Caso bien distinto es el de Un amor como éste, en el que Luis Morales (Cáceres, 1971) se vale de la correspondencia entre Fernando Pessoa y Ofelia Queiroz, publicada en su integridad en 2013. Aquí estamos ante otra forma de novelar lo posible. Si Kumpfmüller lo hacía, entre comillas, de la nada, Morales utiliza las misivas de uno y otro para hacer uno de esos ejercicios metaliterarios tan queridos por la literatura reciente -estoy pensando, por ejemplo, en la trilogía de Echenoz, o en lecturas recientes como La pequeña comunista que no sonreía nunca- con el fin de rellenar los huecos de una relación extendida en el tiempo casi quince años, los que median entre 1920, fecha en la que se conocieron en la oficina donde Pessoa trabajaba y 1935, año de la muerte del poeta. Quizá en el plano afectivo, en el de las relaciones amorosas, es donde Kafka y Pessoa se encuentren más próximos. Ambos mantuvieron escasas relaciones que no llegaron a buen puerto, debido sin duda a un lastre personal que les acercaba más al escritorio, a la defensa de su territorio personal, antes que a entregarse en cuerpo y alma al ser amado.
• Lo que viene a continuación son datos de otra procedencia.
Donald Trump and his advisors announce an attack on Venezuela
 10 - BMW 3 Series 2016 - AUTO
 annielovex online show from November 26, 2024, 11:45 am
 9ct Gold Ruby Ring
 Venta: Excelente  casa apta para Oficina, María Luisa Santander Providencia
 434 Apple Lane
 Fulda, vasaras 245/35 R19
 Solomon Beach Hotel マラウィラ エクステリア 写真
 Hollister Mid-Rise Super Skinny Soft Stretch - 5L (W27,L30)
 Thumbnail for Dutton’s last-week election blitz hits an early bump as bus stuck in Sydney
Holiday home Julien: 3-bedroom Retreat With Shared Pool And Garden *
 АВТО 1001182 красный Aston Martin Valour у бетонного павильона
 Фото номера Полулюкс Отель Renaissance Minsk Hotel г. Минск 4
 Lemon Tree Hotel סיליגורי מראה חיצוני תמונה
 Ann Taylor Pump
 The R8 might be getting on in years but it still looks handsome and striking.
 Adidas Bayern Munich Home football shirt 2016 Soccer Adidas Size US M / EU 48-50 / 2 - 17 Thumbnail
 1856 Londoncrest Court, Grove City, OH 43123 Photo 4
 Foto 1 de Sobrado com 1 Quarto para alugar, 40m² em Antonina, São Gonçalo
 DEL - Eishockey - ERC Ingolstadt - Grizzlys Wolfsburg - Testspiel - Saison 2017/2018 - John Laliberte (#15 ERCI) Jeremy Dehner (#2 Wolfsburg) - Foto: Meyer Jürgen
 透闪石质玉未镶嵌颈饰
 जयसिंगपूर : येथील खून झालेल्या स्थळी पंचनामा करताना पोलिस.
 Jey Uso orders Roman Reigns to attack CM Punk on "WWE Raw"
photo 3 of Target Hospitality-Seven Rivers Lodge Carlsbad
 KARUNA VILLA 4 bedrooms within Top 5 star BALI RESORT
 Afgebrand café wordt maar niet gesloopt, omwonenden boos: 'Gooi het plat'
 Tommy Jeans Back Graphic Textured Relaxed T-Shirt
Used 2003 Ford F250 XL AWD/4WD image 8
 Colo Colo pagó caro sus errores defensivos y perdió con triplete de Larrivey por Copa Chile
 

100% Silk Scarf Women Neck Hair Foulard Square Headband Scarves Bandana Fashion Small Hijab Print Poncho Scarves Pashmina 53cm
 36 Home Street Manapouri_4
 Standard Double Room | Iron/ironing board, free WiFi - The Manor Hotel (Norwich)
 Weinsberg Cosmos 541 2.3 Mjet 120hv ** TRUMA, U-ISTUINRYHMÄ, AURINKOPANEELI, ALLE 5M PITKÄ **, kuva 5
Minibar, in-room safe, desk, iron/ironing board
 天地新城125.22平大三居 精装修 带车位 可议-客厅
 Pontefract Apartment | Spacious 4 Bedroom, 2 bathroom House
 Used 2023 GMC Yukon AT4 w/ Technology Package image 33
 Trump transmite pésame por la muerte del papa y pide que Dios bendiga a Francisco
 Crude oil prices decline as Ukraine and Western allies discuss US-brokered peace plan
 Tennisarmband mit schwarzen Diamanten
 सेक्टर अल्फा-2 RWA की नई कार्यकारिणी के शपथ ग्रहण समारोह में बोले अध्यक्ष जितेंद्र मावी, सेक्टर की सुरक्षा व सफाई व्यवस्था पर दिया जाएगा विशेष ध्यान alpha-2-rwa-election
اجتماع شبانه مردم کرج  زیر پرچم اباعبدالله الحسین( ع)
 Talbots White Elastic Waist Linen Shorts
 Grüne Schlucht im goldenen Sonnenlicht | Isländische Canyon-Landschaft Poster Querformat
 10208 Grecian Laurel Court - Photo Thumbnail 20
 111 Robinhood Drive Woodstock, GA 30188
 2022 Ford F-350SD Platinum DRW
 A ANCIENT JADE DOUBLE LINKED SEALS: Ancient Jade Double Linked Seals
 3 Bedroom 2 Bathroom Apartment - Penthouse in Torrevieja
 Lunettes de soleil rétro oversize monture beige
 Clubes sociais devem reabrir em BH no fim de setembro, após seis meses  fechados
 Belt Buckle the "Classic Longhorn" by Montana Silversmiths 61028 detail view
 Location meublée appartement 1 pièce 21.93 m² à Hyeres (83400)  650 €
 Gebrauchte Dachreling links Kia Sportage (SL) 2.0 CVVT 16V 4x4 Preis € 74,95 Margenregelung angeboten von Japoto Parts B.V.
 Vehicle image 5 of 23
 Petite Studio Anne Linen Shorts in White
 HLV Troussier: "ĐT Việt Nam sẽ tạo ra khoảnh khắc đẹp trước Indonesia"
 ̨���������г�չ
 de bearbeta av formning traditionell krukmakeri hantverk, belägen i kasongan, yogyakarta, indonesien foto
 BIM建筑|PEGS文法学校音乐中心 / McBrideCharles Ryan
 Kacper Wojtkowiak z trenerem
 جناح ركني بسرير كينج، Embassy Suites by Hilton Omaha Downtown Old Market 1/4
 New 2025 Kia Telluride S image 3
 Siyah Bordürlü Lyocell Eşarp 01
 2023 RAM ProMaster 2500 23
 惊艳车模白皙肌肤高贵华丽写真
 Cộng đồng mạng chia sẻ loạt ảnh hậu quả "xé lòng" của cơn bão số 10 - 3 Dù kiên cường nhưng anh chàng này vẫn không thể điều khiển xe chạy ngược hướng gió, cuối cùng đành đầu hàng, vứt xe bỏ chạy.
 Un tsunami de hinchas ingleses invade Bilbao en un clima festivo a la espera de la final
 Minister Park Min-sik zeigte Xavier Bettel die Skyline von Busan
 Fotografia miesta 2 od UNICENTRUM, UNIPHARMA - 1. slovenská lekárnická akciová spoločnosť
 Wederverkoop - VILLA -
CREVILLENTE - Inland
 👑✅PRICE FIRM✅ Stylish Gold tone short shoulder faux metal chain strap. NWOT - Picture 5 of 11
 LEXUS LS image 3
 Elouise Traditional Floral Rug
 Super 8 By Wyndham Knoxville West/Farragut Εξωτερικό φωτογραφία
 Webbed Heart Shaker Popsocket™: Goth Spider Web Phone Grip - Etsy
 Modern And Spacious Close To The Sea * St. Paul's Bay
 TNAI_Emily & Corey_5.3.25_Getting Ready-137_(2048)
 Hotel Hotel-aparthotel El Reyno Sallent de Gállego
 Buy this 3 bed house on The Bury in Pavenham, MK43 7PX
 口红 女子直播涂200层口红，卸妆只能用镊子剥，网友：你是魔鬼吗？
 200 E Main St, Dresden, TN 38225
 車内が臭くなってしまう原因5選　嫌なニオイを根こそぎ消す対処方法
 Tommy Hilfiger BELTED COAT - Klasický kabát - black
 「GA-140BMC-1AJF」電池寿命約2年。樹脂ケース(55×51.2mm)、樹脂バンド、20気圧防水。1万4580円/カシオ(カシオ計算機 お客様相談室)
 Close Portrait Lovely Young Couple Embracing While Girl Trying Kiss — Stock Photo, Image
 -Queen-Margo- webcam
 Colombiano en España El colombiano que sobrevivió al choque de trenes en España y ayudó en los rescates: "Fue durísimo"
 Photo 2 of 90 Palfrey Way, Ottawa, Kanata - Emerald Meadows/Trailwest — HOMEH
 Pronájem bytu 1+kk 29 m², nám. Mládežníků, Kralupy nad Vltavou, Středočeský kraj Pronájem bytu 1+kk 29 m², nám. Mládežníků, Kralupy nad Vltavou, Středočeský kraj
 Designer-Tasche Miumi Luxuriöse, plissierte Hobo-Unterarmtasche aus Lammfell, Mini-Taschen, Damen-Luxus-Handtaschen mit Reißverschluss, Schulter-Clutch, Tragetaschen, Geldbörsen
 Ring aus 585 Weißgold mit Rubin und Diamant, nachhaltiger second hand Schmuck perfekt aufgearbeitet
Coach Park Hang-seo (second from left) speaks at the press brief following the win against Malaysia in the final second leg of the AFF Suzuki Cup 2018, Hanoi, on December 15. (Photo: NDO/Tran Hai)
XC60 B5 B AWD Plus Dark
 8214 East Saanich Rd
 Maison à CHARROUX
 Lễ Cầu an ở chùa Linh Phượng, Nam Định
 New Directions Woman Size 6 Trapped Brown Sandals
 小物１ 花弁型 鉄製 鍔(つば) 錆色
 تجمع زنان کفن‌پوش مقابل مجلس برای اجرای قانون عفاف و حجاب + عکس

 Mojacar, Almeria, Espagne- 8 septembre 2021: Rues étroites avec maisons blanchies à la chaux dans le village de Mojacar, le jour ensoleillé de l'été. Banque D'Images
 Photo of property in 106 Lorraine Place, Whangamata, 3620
No hablamos de una defensa de la castidad, pues ambos reconocen episodios de iniciación en prostíbulos, sino de una incapacidad innata para convivir con una mujer. Quizá para Pessoa la relación con Ofelia llegó tarde -también, como Dora y Kafka, había una gran diferencia de edad-, en una etapa de fertilidad creativa socavada por las servidumbres laborales que le permitían subsistir y una ambigua relación con el mundo editorial que le hizo ser un gran desconocido en vida. Si a ello añadimos su paulatino acercamiento al ocultismo, las desgracias familiares y su maltrecha salud abonada por el alcohol y el tabaco, quizá hallemos las razones del fracaso de una relación trufada de cartas de arrebatadora pasión rayana a veces en lo cursi.
En fin, semejante y suculento material de partida se merecía una gran novela, y Morales la ha escrito hilando fino, convirtiéndose en un trasunto del propio Pessoa, imitando su tan característico estilo, intercalando citas y pasajes de la obra del poeta, y llegando incluso a elucubrar un final alternativo de "comieron perdices" que se agradece como una coda humorística. La pasión del autor por Lisboa -compartida por el que suscribe- juega sin duda a favor de un texto y un homenaje saldados con notable alto.